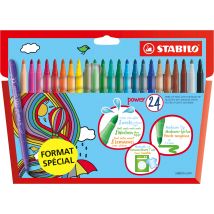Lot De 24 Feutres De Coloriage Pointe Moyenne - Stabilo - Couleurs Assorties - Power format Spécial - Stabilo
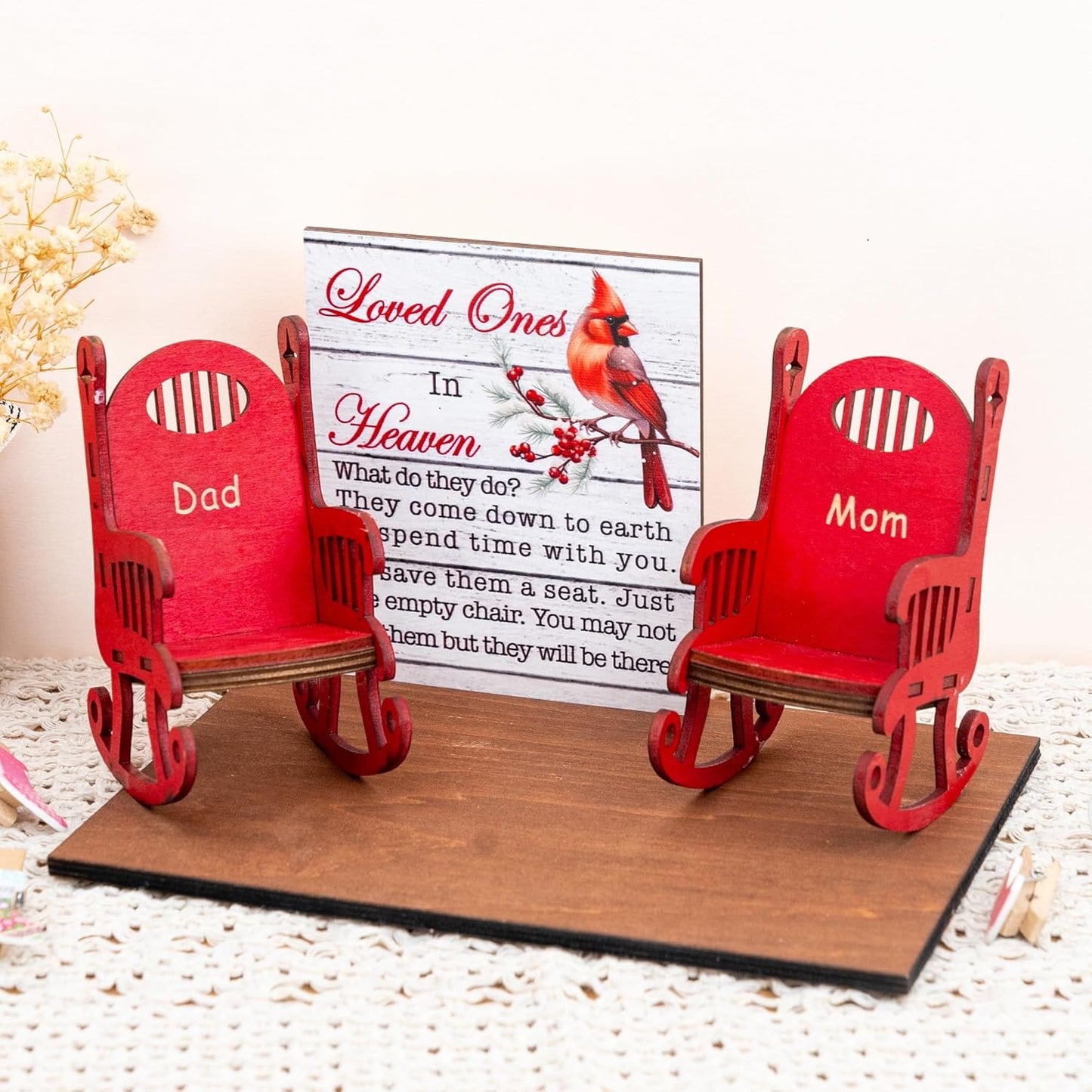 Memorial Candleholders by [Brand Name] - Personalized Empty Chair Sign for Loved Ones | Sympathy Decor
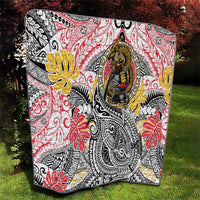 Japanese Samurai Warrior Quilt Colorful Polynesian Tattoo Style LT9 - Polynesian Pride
= = = = =
WORK TASK →
With the pictures left out, copy exactly the lines from the one containing "Memorial Candleholders by" through the last line of the data.

TASK ANSWER →
 Memorial Candleholders by [Brand Name] - Personalized Empty Chair Sign for Loved Ones | Sympathy Decor
 Japanese Samurai Warrior Quilt Colorful Polynesian Tattoo Style LT9 - Polynesian Pride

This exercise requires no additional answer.